According to an opinion issued Monday, Overstock.com Inc. has beat allegations that it misled investors about a digital dividend it issued and financial forecasts it broadcasted publicly in 2019. The District of Utah court overseeing the suit dismissed the case with prejudice, despite added allegations from confidential witnesses, finding that the amended filing failed to meet the heightened pleading standard applicable to securities fraud claims.
The opinion explained that lead plaintiff The Mangrove Partners Master Fund Ltd. filed the class action against the e-commerce home furnishings retailer in September 2019, and named former officers, including CEO Patrick Byrne as defendants in the proceeding. In September 2020, the court dismissed the first complaint but permitted the investor to file an amended pleading.
This week’s opinion considered whether the revised complaint stated plausible claims under the heightened standard. Specifically, Judge Dale A. Kimball examined whether the defendants made a false or misleading statement about company information, including Overstock’s historical insurance costs, the digital dividend, its “retail guidance,” and search engine optimization (SEO) results.
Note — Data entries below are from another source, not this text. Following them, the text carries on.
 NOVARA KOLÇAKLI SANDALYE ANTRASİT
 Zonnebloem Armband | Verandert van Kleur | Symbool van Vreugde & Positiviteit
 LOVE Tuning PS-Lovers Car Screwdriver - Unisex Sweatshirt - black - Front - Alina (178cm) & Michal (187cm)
The court focused on refreshed allegations concerning retail guidance, and whether any new information provided by a confidential witness removed the retail guidance claim from the safe harbor provision of the Private Securities Litigation Reform Act of 1995 (PSLRA). It did not, the court ruled, because nothing attributed to the witness suggested that any officer “gave guidance that he knew was impossible for Overstock to meet.”
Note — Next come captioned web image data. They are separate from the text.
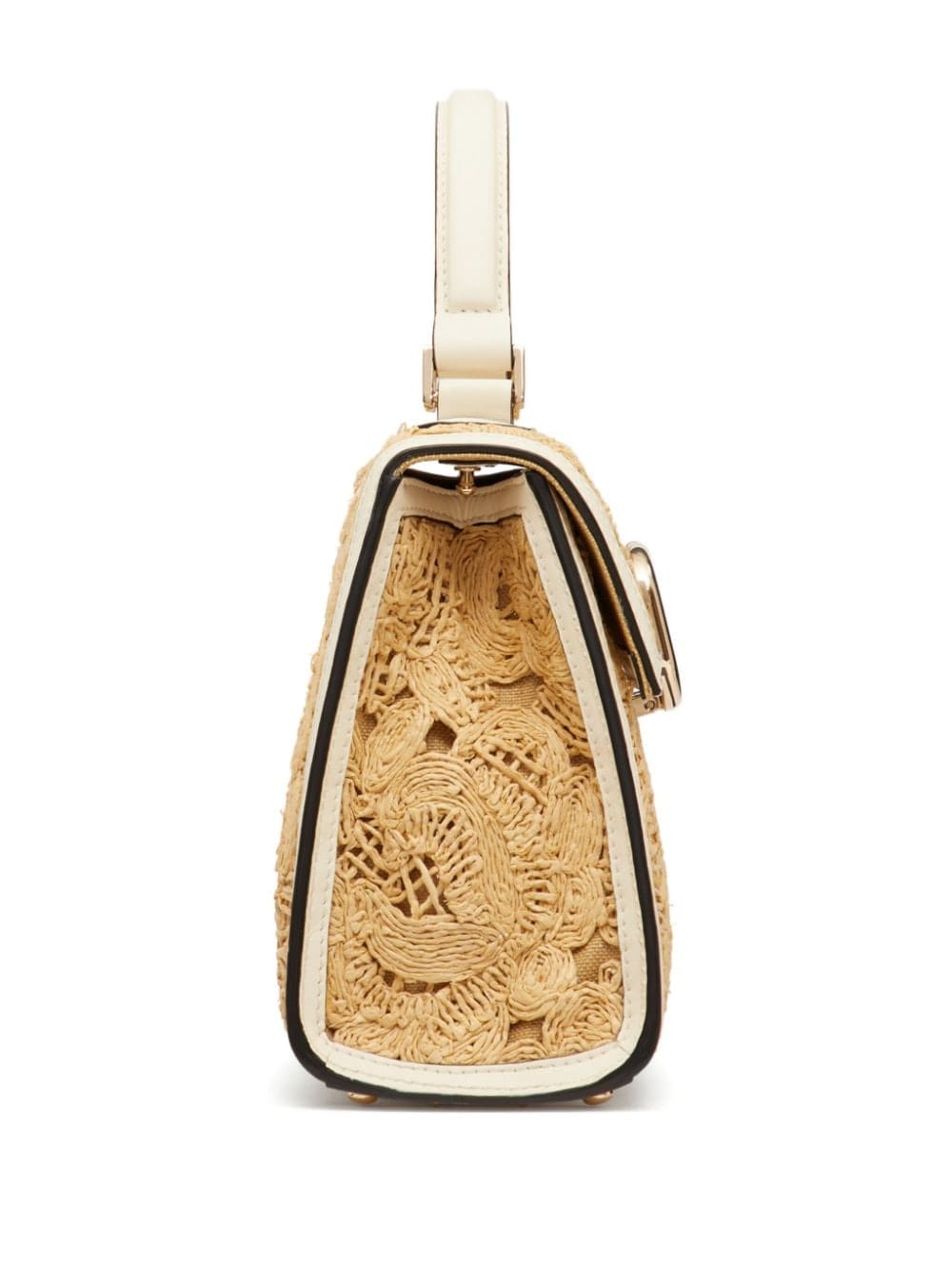 Valentino Garavani small VSling raffia handbag - Image 5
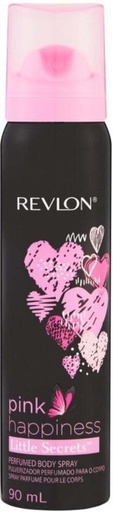 [DEOHFRVUUGX5JYEN] Revlon Pink Happiness Little Secrets Body Spray  -  For Women (90 ml)
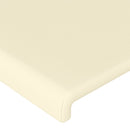 vidaXL krémszínű műbőr LED-es fejtámla 180x5x118/128 cm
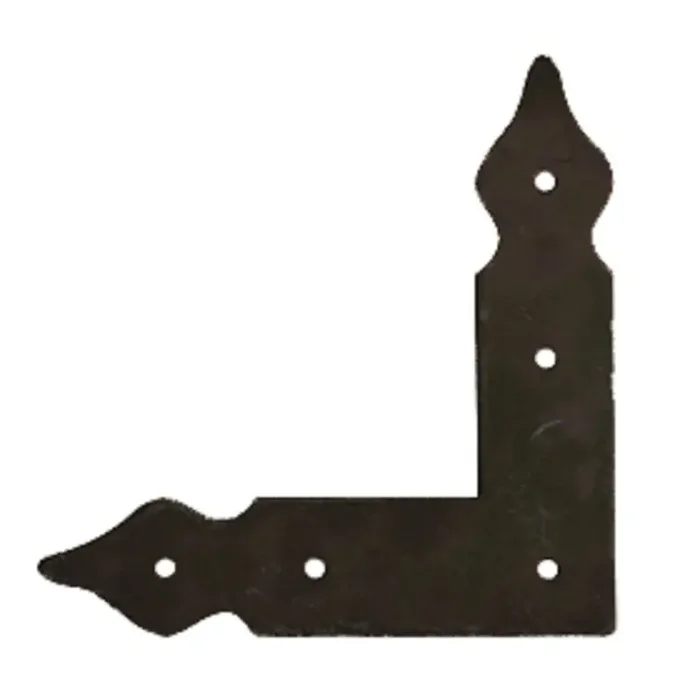 Fenster-Eckwinkel Zierwinkel Ladenbeschlag Nr. 300 Z mit Zierspitze 100 x 100 mm schwarz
As to SEO, Judge Kimball ruled in part that two confidential witnesses’ claims contradicted one another, and therefore fell short of alleging fraud. The amended complaint “contains no well-pled facts that are inconsistent with Byrne’s statements regarding SEO,” the court wrote.
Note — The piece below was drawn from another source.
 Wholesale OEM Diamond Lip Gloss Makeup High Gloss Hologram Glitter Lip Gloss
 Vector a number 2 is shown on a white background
The court dismissed the plaintiff’s second count, after finding that the investor failed to add allegations indicating that the dividend or related disclosures were deceptive. “Plaintiff simply adds an array of conclusory adverbs to the prior allegations relating to the dividend, claiming it was designed ‘exclusively’ or ‘entirely’ to harm short sellers by causing a short squeeze,” the opinion said.
In addition to dismissing the claims against the individual defendants, the ruling also found the first two counts insufficient because the plaintiff failed to plead that it relied on any challenged statement or actions in purchasing Overstock shares. Judge Kimball concluded by denying leave to amend, finding that given the heightened pleading standard, and the previous opportunity, amendment would be futile.
The plaintiff is represented by Clyde, Snow & Sessions P.C. and Cohen Milstein Sellers & Toll PLLC, and Overstock by Parsons Behle & Latimer and Cooley LLP.